A Chat With Detective Littlechild

Although not directly involved in the police investigation into the Jack the Ripper crimes, Chief Inspector John Littlechild (1848 – 1943), was, nonetheless, privy to much of information being brought in by the on the ground detectives who were labouring to bring the Whitechapel murderer to justice.

It would later be Littlechild who would name Dr Francis Tumblety as a person of interest, when replying to a letter that had been sent to him by the journalist George Sims enquiring into likely suspects.

HIS RETIREMENT

Littlechild retired from the Metropolitan Police in 1893, on the grounds of ill health, and, like so many of his former colleagues, became a private investigator.

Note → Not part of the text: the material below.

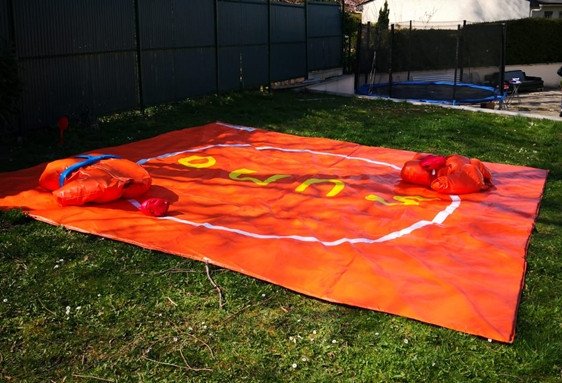Grande ouverte décorare tarp rouge sur pelouse avec accessoires gonflables orange, probablement prêt à être utilisé pour une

One of the more notorious cases he was involved in was gathering information on behalf of John Douglas, 9th Marquess of Queensberry (1844 – 1900), that would be used in the court battle with Oscar Wilde (1854 – 1900) which ended in Wilde’s imprisonment and ruination in 1895.

It was Littlechild who tracked down the male prostitutes who would testify against Wilde to such devastating effect.

AN INTERVIEW WITH THE FORMER DETECTIVE

However, just after Littlechild’s retirement, a journalist from The Sketch paid him a visit at his home near to Clapham Common, and, in the course of the interview, Littlechild opened up about his thoughts on detection and detectives.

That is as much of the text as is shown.